BAB I PENDAHULUAN A. Latar Belakang Masalah - AVIX SYAIFUL ANWAR BAB I

BAB I PENDAHULUAN A. Latar Belakang Masalah Perkembangan yang pesat dalam berbagai bidang kehidupan manusia,

  yang meliputi bidang ekonomi, tehnologi, sosial dan budaya serta bidang bidang yang lain telah membawa pengaruh yang besar bagi manusia itu sendiri. Kahidupan yang sulit dan komplek dengan meningkatnya kebutuhan menyebabkan bertambahnya stressor psikososial telah menyebabkan manusia tidak mampu menghindari tekanan tekanan hidup yang dialami. Kondisi kritis ini membawa dampak terhadap peningkatan kwalitas maupun kwantitas penyakit mental-emosional manusia (Hidayati,2000).

  Menurut WHO pada tahun 2001 kira–kira 450 juta orang dewasa dari populasi dunia mengalami gangguan jiwa (Admin, 2007). Kasus penyakit mental emosional yang bersifat universal yang angka prevalensinya semakin meningkat di masyarakat adalah skizofrenia (Ditkeswa, 1983). Penelitian epidemiologi didapatkan bahwa insiden skizofrenia dalam masyarakat adalah berkisar antara 0,3 sampai 0,6 tiap 1000 penduduk, dan prevalensinya sekitar 4 per 1000 (Wicaksana,1991). Sementara menurut Maramis (1994) insiden skizoprenia diseluruh dunia diperkirakan antara 0,2 – 0,8 pertahun.

  Gangguan jiwa dibagi menjadi dua bagian besar, yaitu gangguan jiwa ringan (Neurosa) dan gangguan jiwa berat (Psikosis).
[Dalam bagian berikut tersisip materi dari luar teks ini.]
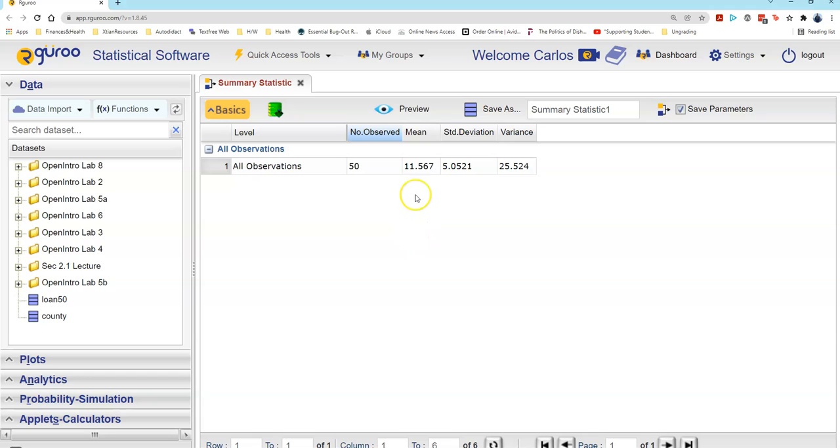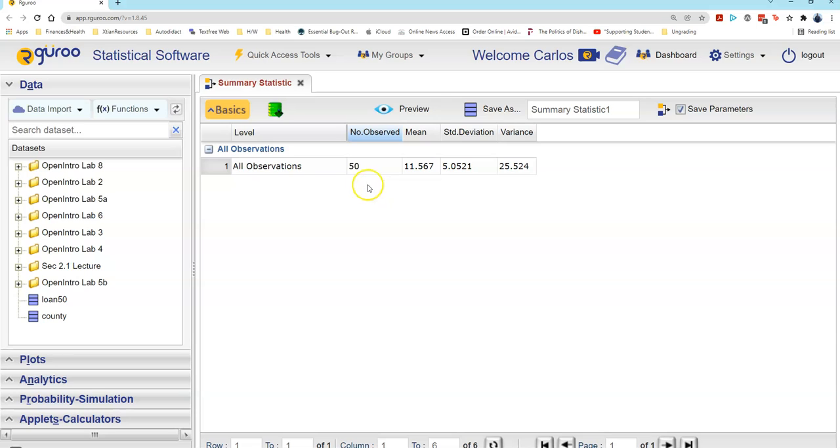The mean is what we call a measure of center. The standard deviation, which we will discuss later, is what we call a measure of spread when we're looking at two-dimensional views of data. That completes our look at how to use Rguroo to find these important two-dimensional statistics for the interest rate variable in the Loan 50 dataset.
Psikosis ada 2 jenis yaitu psikosis organik, dimana didapatkan kelainan pada otak dan psikosis

  1

  

fungsional, tidak terdapat kelainan pada otak. Psikosis sebagai salah satu

  bentuk gangguan jiwa merupakan ketidakmampuan untuk berkomunikasi atau mengenali realitas yang menimbulkan kesukaran dalam kemampuan seseorang untuk berperan sebagaimana mestinya dalam kehidupan sehari – hari. Tanda dan gejala psikosis antara lain : perilaku regresi, perasaan tidak sesuai, berkurangnya pengawasan-pengawasan terhadap impul-impul, waham dan halusinasi .

  Salah satu gejala psikosis yang dialami penderita gangguan jiwa adalah

  

halusinasi yang merupakan gangguan persepsi dimana klien mempersepsikan

  sesuatu yang sebenarnya tidak terjadi (Maramis, 2005). Halusinasi merupakan persepsi sensorik penglihatan, sentuh, pendengaran, penghidu / pengecap tanpa rangsang luar (Dorland, 1998). Menurut Stuart dan Sundeen (1995), 70% halusinasi adalah halusinasi auditorik, 20% halusinasi visual, 10% halusinasi pengecapan, taktil dan penciuman.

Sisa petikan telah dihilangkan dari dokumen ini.